Repaglinide has been shown to be roughly as effective as the sulfonylureas at reducing HbA1c levels, causing a decrease of roughly 1.5% to 2%. Nateglinide reduces HbA1c levels by approximately 0.6% to 1.2%, but it causes fewer instances of hypoglycemia (low blood glucose) than repaglinide. Since these drugs stimulate the body’s own release of insulin, they tend to lose effectiveness over time as a person’s diabetes progresses.
In a head to head study between repaglinide and nateglinide, repaglinide used alone produced a better reduction in HbA1c and fasting plasma glucose levels than nateglinide. However, reductions in HbA1c are greatest when either of these drugs is given in combination with metformin (Glucophage and others), a thiazolidinedione (Actos, Avandia) or an alpha-glucosidase inhibitor (Precose, Glyset).
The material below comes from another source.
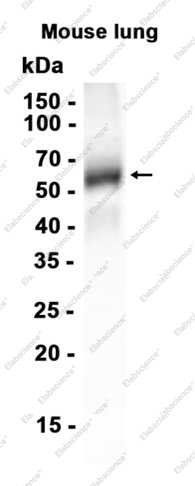 Recombinant CaMKII beta Monoclonal Antibody - 2
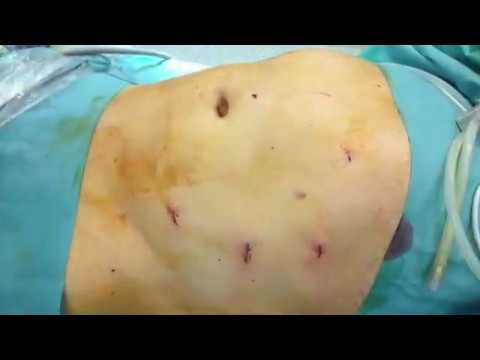 Plastica Laparoscopica di doppia Ernia Addominale / Laparoscopic Repair of a double Ventral Hernia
Both of these drugs have relatively short half-lives (meaning they disappear from the body fairly quickly) and must be taken roughly 1–30 minutes before each meal. The recommended starting dose for nateglinide is 60 milligrams taken three times a day prior to meals, which may need to be increased to 120 milligrams three times a day after one to two weeks. The starting dose for repaglinide for people who have not previously taken glucose-lowering medicines or for those with an HbA1c level below 8.0% is 0.5 milligrams usually taken three times a day prior to meals; for all others, the recommended starting dose is 1–2 milligrams usually taken three times a day before meals.
Repaglinide interacts with certain other drugs — particularly gemfibrozil (Lopid; a cholesterol-lowering medicine) and the combination of gemfibrozil and itraconazole (the antifungal Sporanox), which raise the blood levels of repaglinide roughly 28-fold and 72-fold, respectively. Dose adjustments of repaglinide are necessary in people with severe kidney dysfunction and moderate to severe liver dysfunction. Drug interactions are less likely with nateglinide, but this medicine should be used with caution by people who have liver dysfunction. As noted above, repaglinide is more likely to cause hypoglycemia than nateglinide, and repaglinide also causes weight gain to a greater extent than nateglinide (which has been shown to have no effect on weight in some studies).